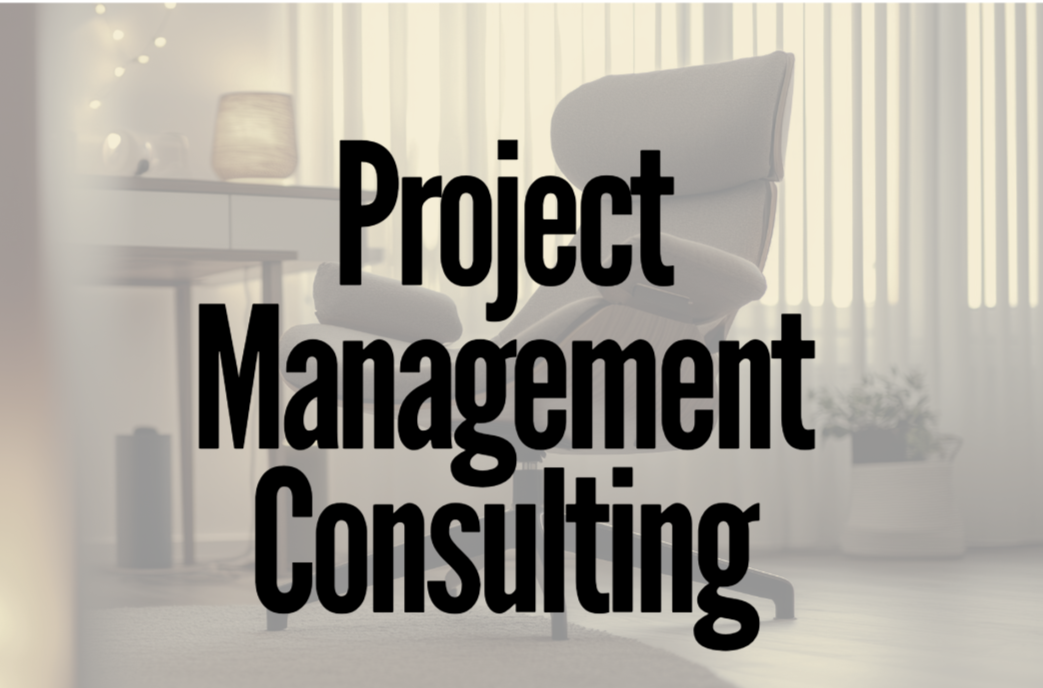 Project Management Consulting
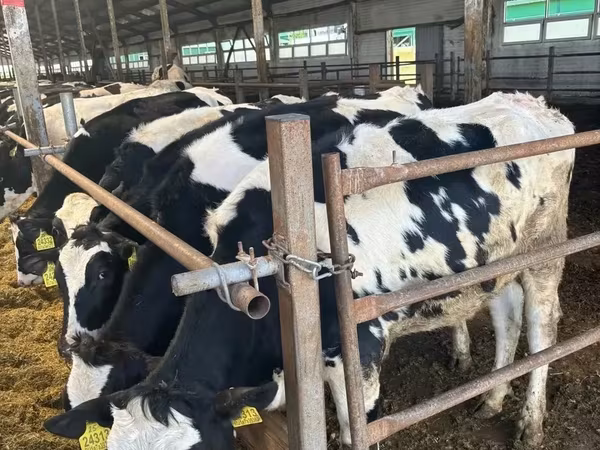 Kuh, Holstein-Rasse — Russland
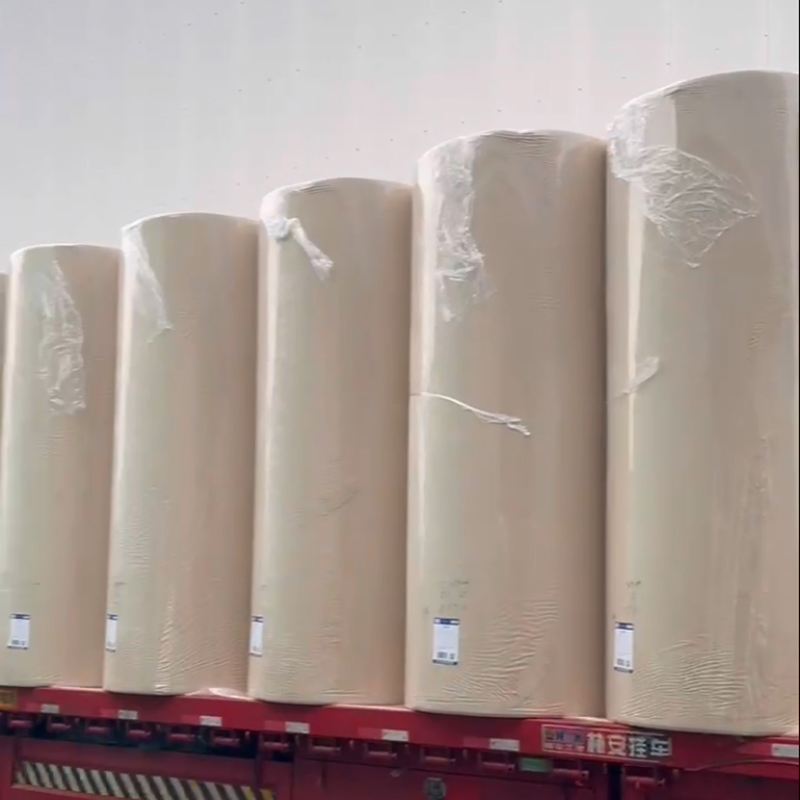 Bamboo Pulp White or Other Tree Free Raw Material Jumbo Roll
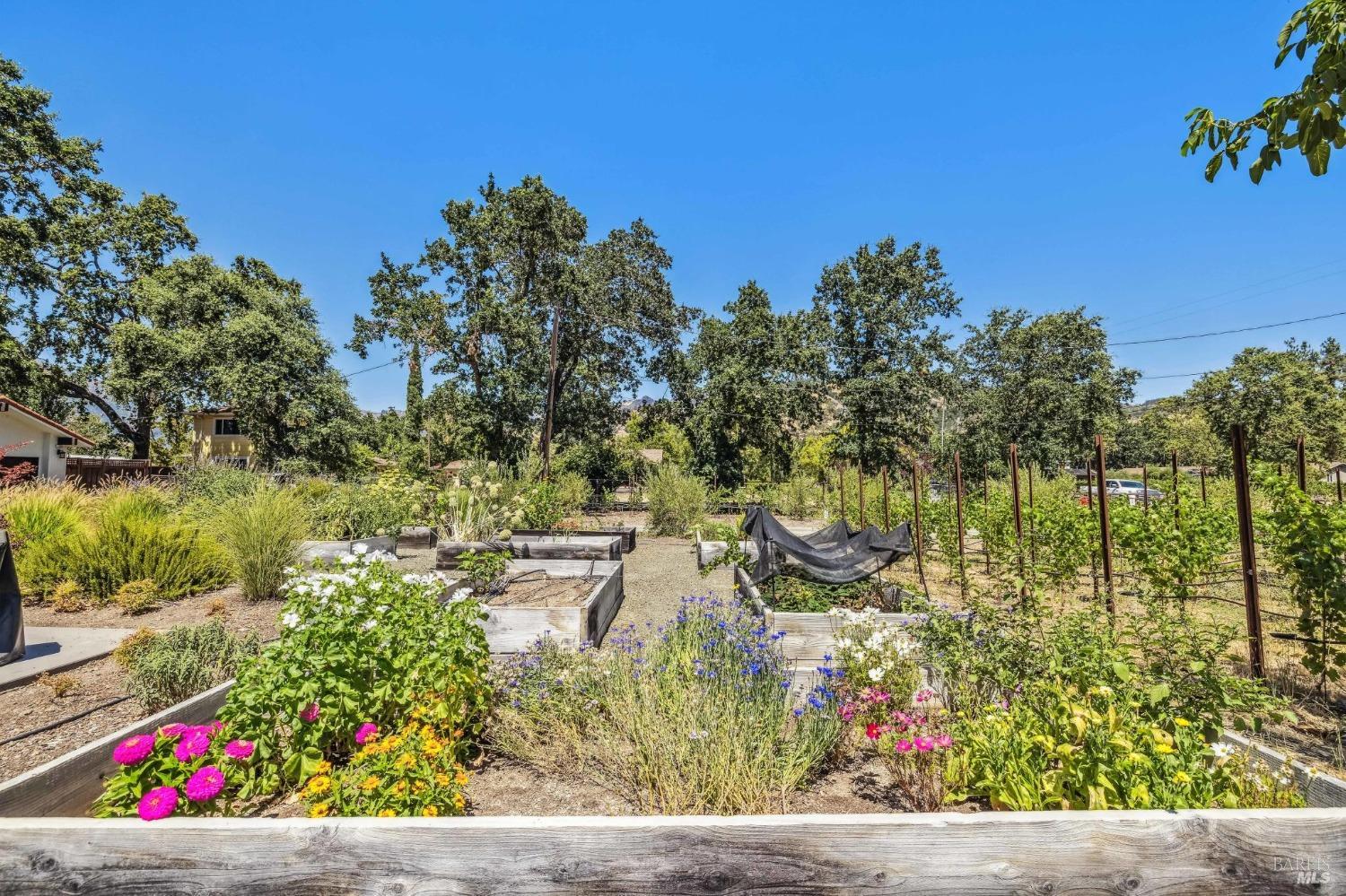 1929 Mora Avenue Calistoga CA 94515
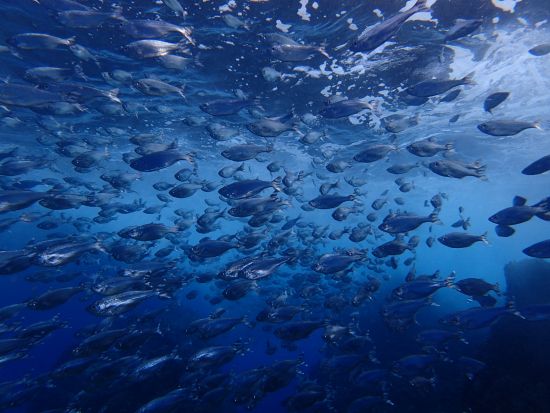 ファンダイビング  ボートエントリー 2または3ダイブから選択 器材フルレンタル込み＜龍郷町＞ by ダイビングサービス ティーダ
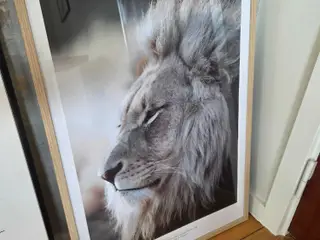 Løve plakat m. Citat I ny ramme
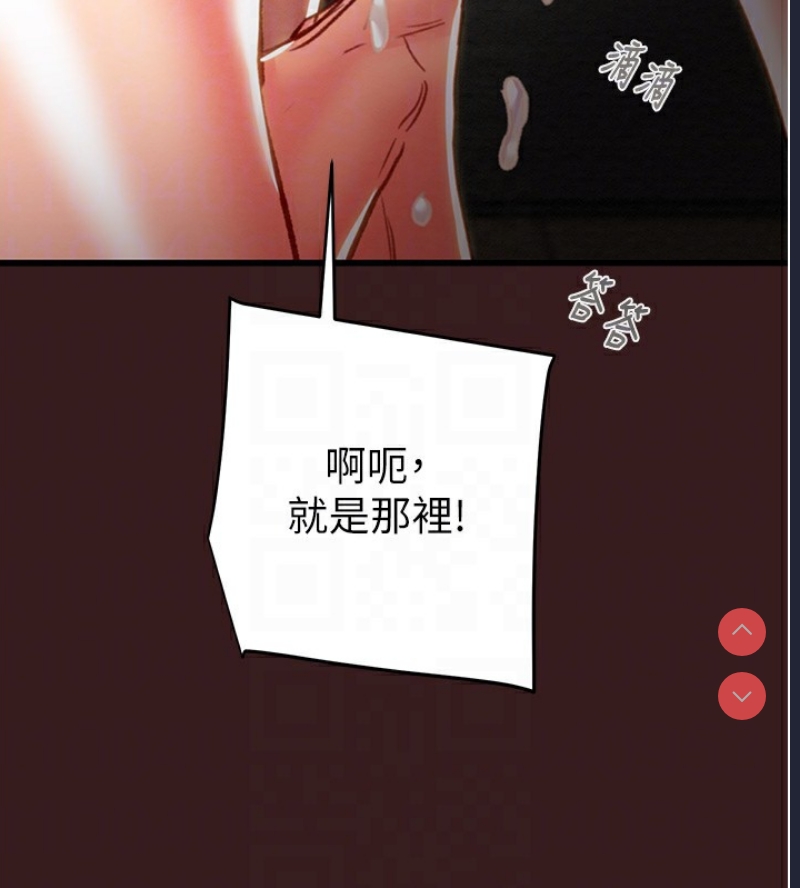 掠夺行动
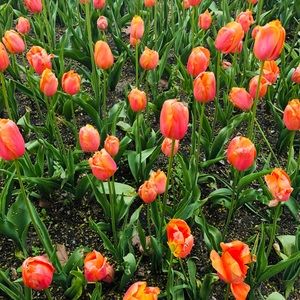 Meet your Posher, Jayne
• • • • •
§ Directions:
Exactly the lines from the one with "1929 Mora Avenue Calistoga CA 94515" through the end of the records should be written out, and only those. Pictures do not belong in the copy.

§ Response:
 1929 Mora Avenue Calistoga CA 94515
 ファンダイビング  ボートエントリー 2または3ダイブから選択 器材フルレンタル込み＜龍郷町＞ by ダイビングサービス ティーダ
 Løve plakat m. Citat I ny ramme
 掠夺行动
 Meet your Posher, Jayne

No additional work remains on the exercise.